_WHAT THE TASK ASKS_:
Below is some data. Retype exactly the lines starting at the one with "This article was" and ending at the one with "The last thing".

_DATA PROVIDED_:
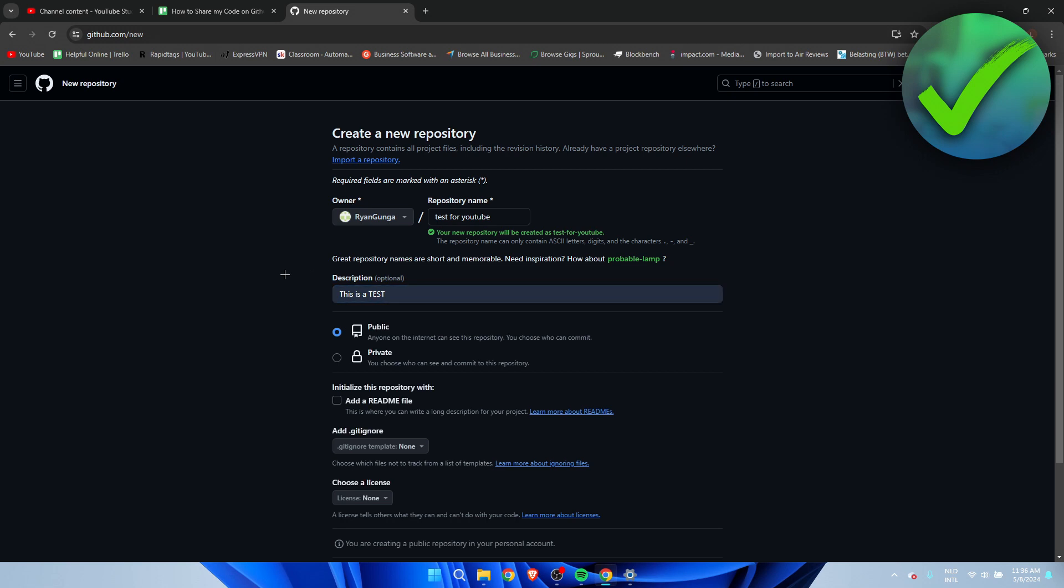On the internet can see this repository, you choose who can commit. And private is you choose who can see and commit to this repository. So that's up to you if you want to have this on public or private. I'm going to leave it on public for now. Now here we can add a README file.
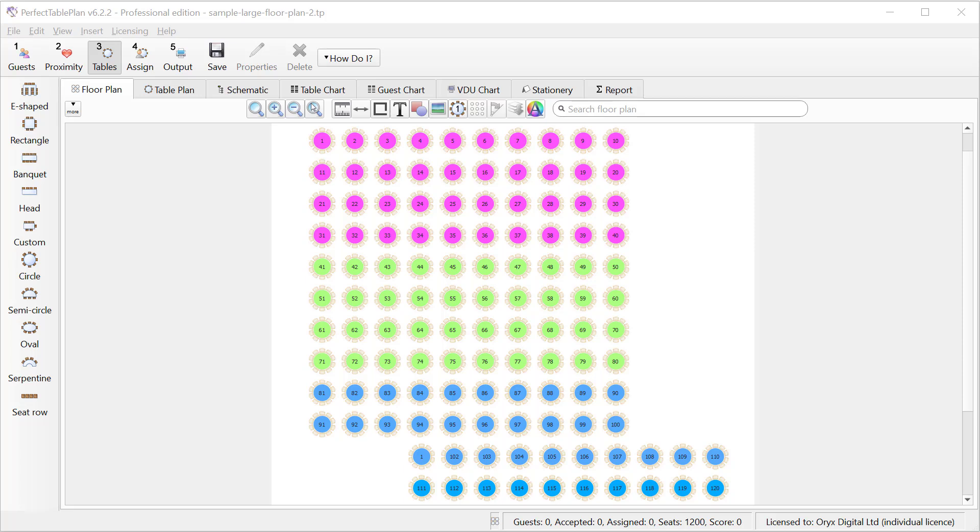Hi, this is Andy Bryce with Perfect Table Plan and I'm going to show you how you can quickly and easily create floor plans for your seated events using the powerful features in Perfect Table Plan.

==

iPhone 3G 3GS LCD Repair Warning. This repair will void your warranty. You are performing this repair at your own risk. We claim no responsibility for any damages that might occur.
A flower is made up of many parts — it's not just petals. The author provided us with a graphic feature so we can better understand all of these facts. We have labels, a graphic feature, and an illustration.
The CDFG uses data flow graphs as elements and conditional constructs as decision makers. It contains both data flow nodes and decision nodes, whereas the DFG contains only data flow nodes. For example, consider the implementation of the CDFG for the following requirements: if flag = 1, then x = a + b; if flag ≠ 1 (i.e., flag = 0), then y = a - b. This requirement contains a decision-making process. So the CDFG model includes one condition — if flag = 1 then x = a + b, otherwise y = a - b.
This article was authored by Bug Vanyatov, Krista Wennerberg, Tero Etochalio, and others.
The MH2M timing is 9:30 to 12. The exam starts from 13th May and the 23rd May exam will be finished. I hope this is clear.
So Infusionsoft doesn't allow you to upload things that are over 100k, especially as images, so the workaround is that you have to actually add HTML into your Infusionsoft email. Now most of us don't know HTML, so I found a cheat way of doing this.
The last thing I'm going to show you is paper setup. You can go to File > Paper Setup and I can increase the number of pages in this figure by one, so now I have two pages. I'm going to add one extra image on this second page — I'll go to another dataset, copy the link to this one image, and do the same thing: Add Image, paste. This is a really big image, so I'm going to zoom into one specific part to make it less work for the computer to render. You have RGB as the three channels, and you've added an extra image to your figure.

---

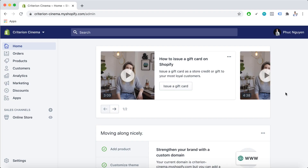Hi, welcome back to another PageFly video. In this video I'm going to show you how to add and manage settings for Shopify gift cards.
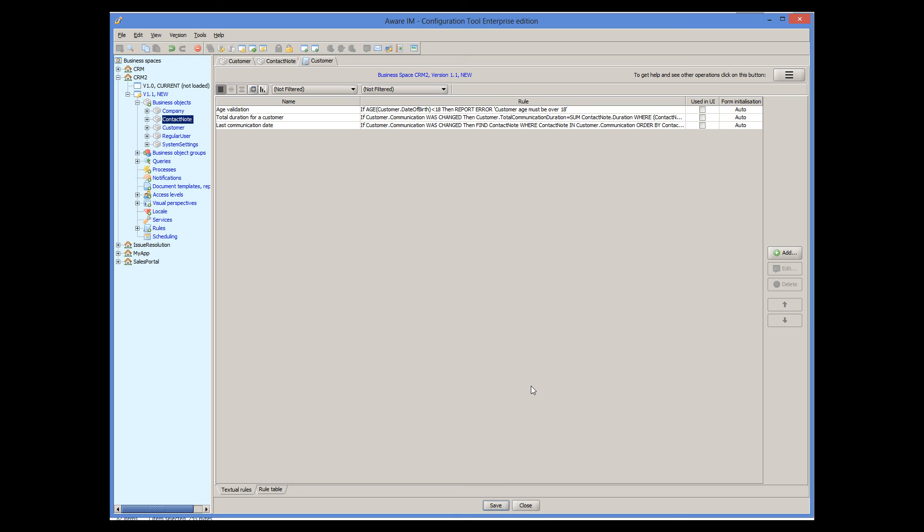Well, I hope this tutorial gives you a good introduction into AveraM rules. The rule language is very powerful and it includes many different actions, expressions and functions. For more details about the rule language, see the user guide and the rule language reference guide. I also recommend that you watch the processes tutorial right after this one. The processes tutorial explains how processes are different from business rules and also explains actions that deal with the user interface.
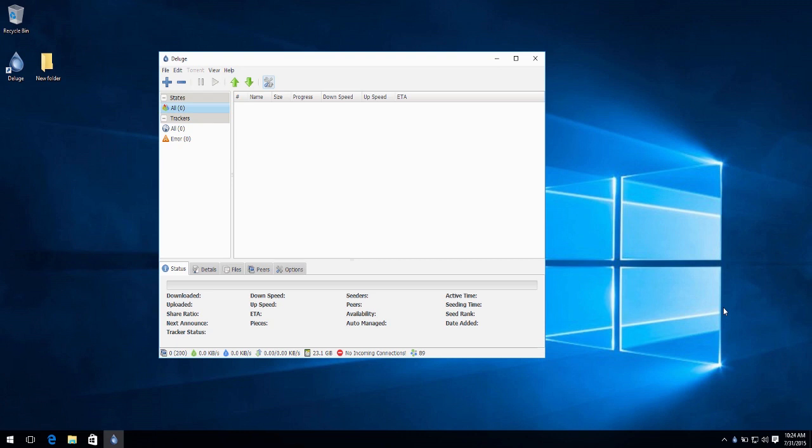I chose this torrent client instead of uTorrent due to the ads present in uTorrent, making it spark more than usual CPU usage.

_RESULT OF THIS TASK_:
This article was authored by Bug Vanyatov, Krista Wennerberg, Tero Etochalio, and others.
The MH2M timing is 9:30 to 12. The exam starts from 13th May and the 23rd May exam will be finished. I hope this is clear.
So Infusionsoft doesn't allow you to upload things that are over 100k, especially as images, so the workaround is that you have to actually add HTML into your Infusionsoft email. Now most of us don't know HTML, so I found a cheat way of doing this.
The last thing I'm going to show you is paper setup. You can go to File > Paper Setup and I can increase the number of pages in this figure by one, so now I have two pages. I'm going to add one extra image on this second page — I'll go to another dataset, copy the link to this one image, and do the same thing: Add Image, paste. This is a really big image, so I'm going to zoom into one specific part to make it less work for the computer to render. You have RGB as the three channels, and you've added an extra image to your figure.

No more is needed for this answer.